::: DATASET EXTRACT :::

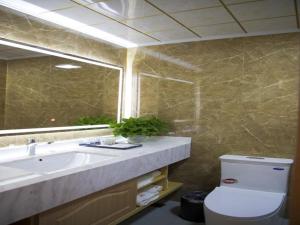 y baño con lavabo, aseo y espejo. en GreenTree Eastern Taiyuan Jinyuan District Xinjinyu Road Hotel, en Taiyuán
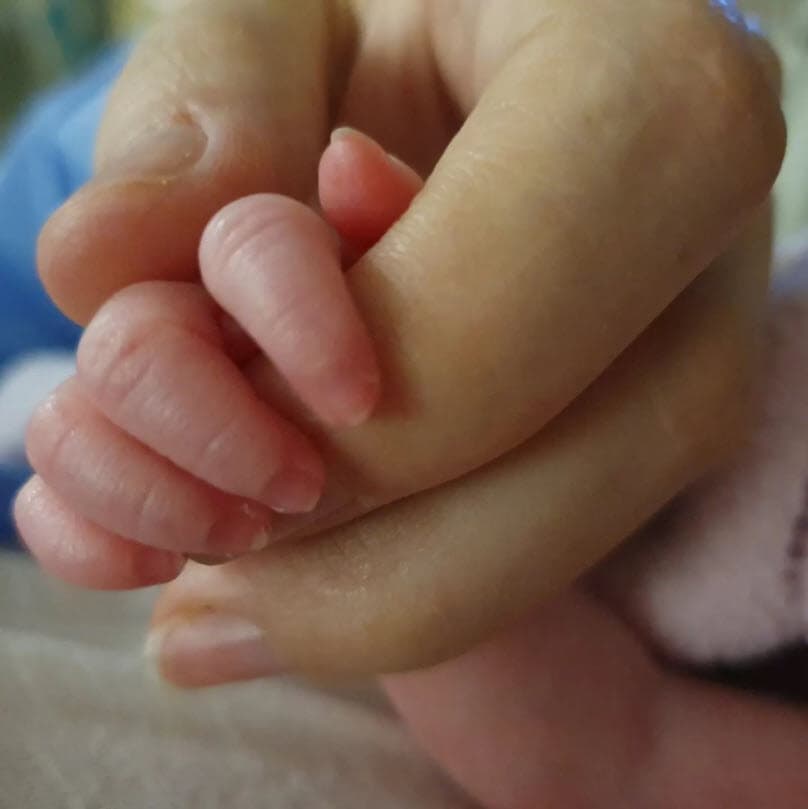 Con esta foto dio a conocer el nacimiento de su bebé: "
<b><a href="https://www.instagram.com/p/CS9sQCzFvoR/" target="_blank">¡Bienvenida hija mía!</a></b> Le pedí tanto a Dios por ti... y aquí estás".
<br>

:::

In your answer, set down the full listing word for word and include no pictures.

**RESULT OF THE EXERCISE**
 y baño con lavabo, aseo y espejo. en GreenTree Eastern Taiyuan Jinyuan District Xinjinyu Road Hotel, en Taiyuán
 Con esta foto dio a conocer el nacimiento de su bebé: "
<b><a href="https://www.instagram.com/p/CS9sQCzFvoR/" target="_blank">¡Bienvenida hija mía!</a></b> Le pedí tanto a Dios por ti... y aquí estás".
<br>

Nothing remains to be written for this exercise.